I’m not going to look up the answer online right now. It’s more fun to wonder about. Maybe the Mexicans destroyed all the Spanish-style buildings in some sort of protest toward their former rulers across the Atlantic?
Enough looking back at San Antonio. I’m in Salta now. A gorgeous city, if ever there was such a thing. It’s set in a valley in the foothills of the Andes–I feel like I’ve been saying that a lot, lately. The city of Salta dates back to 1582, but the region has been inhabited as far back as the days of the Incan Empire.
Salta is flanked to the west by the Andes. To the east are two smaller mountains–Cerro 20 de Febrero and Cerro San Bernardo. A gondola goes to the top of Cerro San Bernardo. This time, I took the gondola up and walked back down–in Santiago, I did the opposite. I’m either getting smarter, or lazier.
There is a small man-made waterfall at the top of Cerro San Bernardo. It was cool to look at, although any waterfall feels a little underwhelming after my experience at Iguazu.
The real highlight was looking over the city. Seeing the neat, orderly grid with the snow-covered mountains as a backdrop.
Oh! I just remembered San Fernando Cathedral in San Antonio.

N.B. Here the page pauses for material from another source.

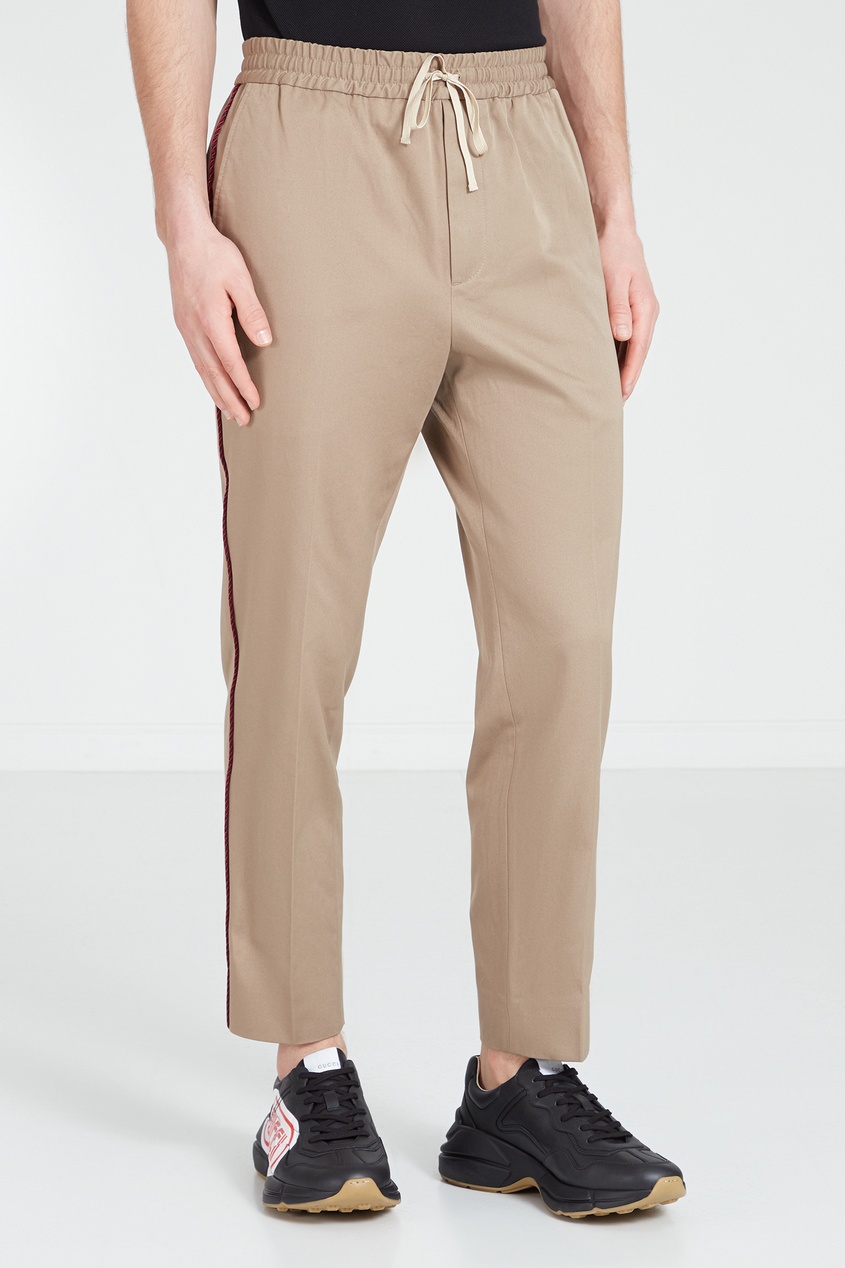 фото Бежевые брюки с контрастной тесьмой gucci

Salta sees one cathedral and laughs. Here they have the Catedral Basílica, the Iglesia San Francisco, the Iglesia San Alfonso, the Parroquia San Juan Batista de la Merced, and more. Iglesia San Francisco in particular is visible from the hill, with its bright red facade.
Northwest Argentina has a distinctive cuisine. It’s not all meat and wine. Empanadas are popular everywhere, but they originated from Salta (and Tucumán, though I haven’t seen many fried empanadas). Corn is a key ingredient, used to make humitas, locro, and tamales–the last of which will be familiar to anyone from Texas, though in Salta tamales are kind of shaped like a ball.
Every time I think I’ve found my favorite place in Argentina, the next one finds a way to exceed my expectations.